19 SEPTEMBER 1941, Page 11

COUNTRY LIFE

Two Centuries Young Two hundred years ago this month was born the man who has been called " the first of English agricultural writers." Arthur Young, born in London, was the younger son of a Suffolk rector. Before he was nineteen he had written four novels and a couple of political pamphlets. Before he died he had surveyed 7,000 miles of British soil, a good deal of France and Ireland and had written between 200 and 25o volumes. " He was the soul and inspiration of the progressive movement," Lord Ernie has said. " To him, more than any other individual, were due the dis- semination of new ideas on farming, the diffusion of the latest results of observation and experiment, the creation of new agencies for the interchange of experiences, the establishment of farmers' clubs, ploughing-matches and agricultural societies and shows." His time, dislocated by revolution both here and in France, has a parallel in our own.

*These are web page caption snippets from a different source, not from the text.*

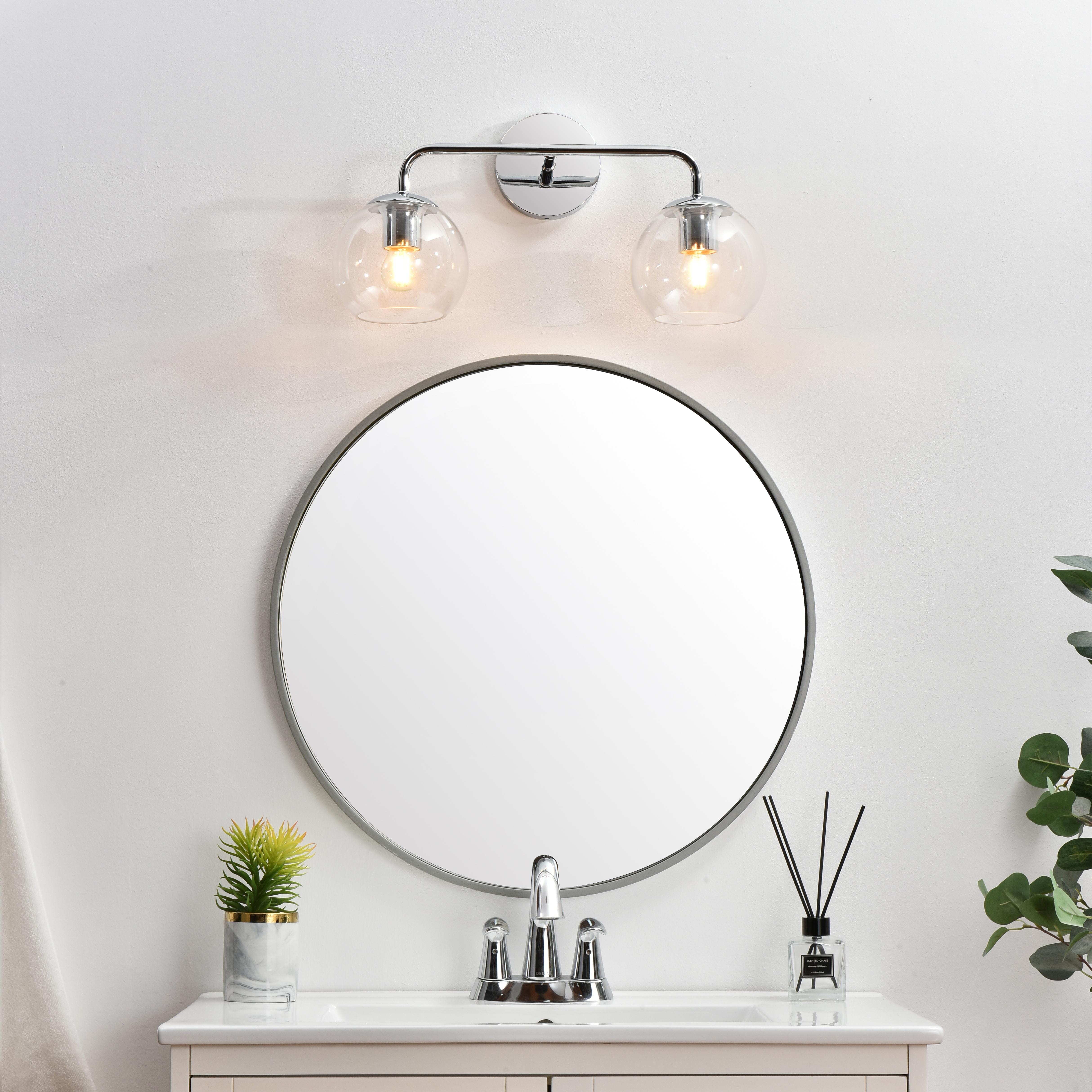A modern twist on a traditional design, this vanity light is perfect for sprucing up your bathroom. Rated for use in damp locations, this iron fixture features a round backplate, curved arms, and orb accents. Completely versatile, you can place this wall light as an uplight or downlight. Rated for use in damp locations, this will work perfectly over a vanity in your bathroom. Collection: Genesis Rooms: Bathroom Finish: Chrome and Clear Glass: Clear Width: 19.00" Height: 10.00" Weight: 2.00 lb Extension from Wall: 8.00" Wire: 8" Black and White Canopy: 4.7"x1"x4.7" Number of Bulbs: 2 Maximum Wattage: 40.00 W Bulb Type: E26 Bulb Base: E26 Dimmable Voltage: 110.00 V Material: Iron and Glass Country of Origin: China Safety Listing: ETL Safety Rating: Damp Title 20 Title 24 Manufacturer Warranty: 1 year limited - alternate view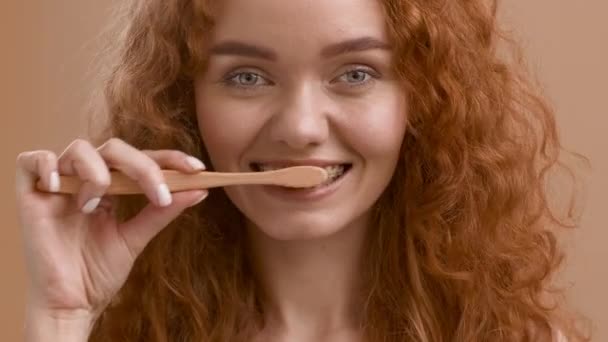 Mujer pelirroja con tirantes que limpian los dientes con cepillo de dientes, fondo beige - Imágenes, Vídeo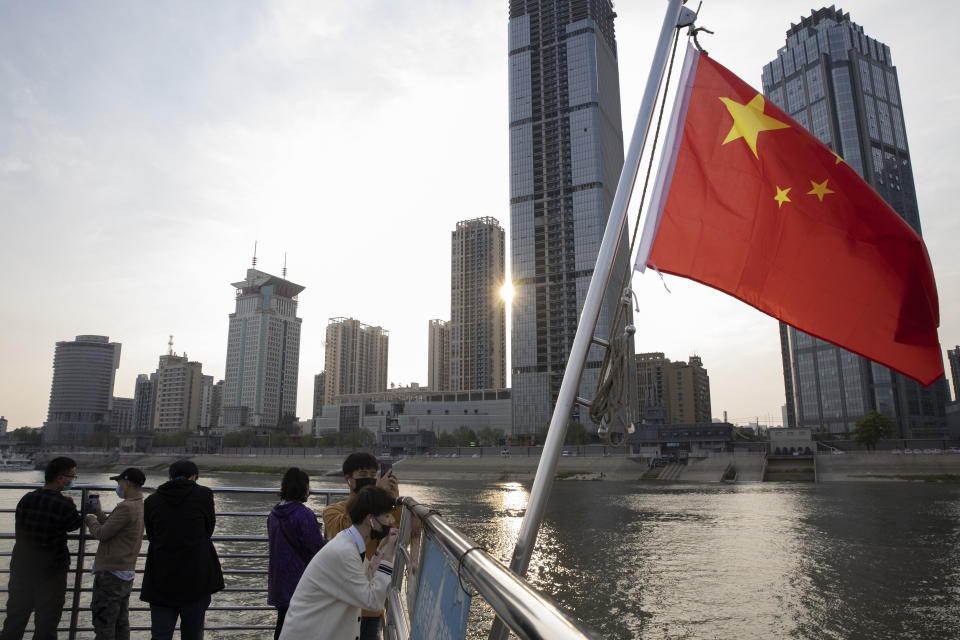 In this April 8, 2020, photo, passengers cross the Yangtze River on a ferry in Wuhan in central China's Hubei province. The reopening of ferry service on the Yangtze River, the heart of life in Wuhan for more than 20 centuries, was an important symbolic step in official efforts to get business and daily life in this central Chinese city of 11 million people back to normal after a 76-day quarantine ended in the city at the center of the coronavirus pandemic. (AP Photo/Ng Han Guan)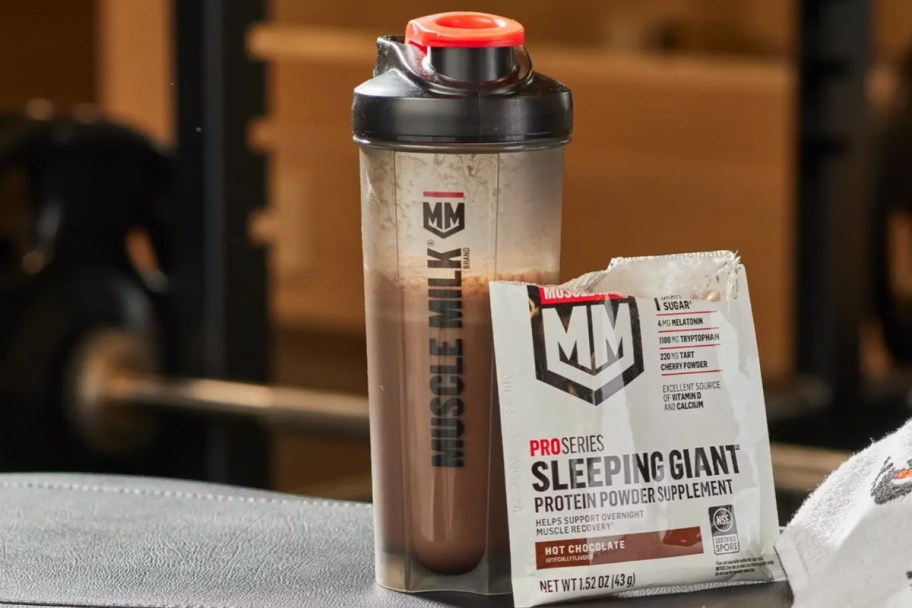 shaker bottle next to protein powder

Young, too, saw a widespread " inability to put the land to its best use," and wrote about it with appropriate indignation. France made him, according to one of his trans- lators, an adopted child ; George III, who delighted in calling himself " Farmer George," carried Young's Annals about with him and declared himself to be more indebted to him than any man in his dominions ; Napoleon is said to have read him on St. Helena. We, too, can read Young today with a good deal of profit ; and at least one writer wishes there were time, as in Young's day, for an outspoken six months' tour of agricultural England.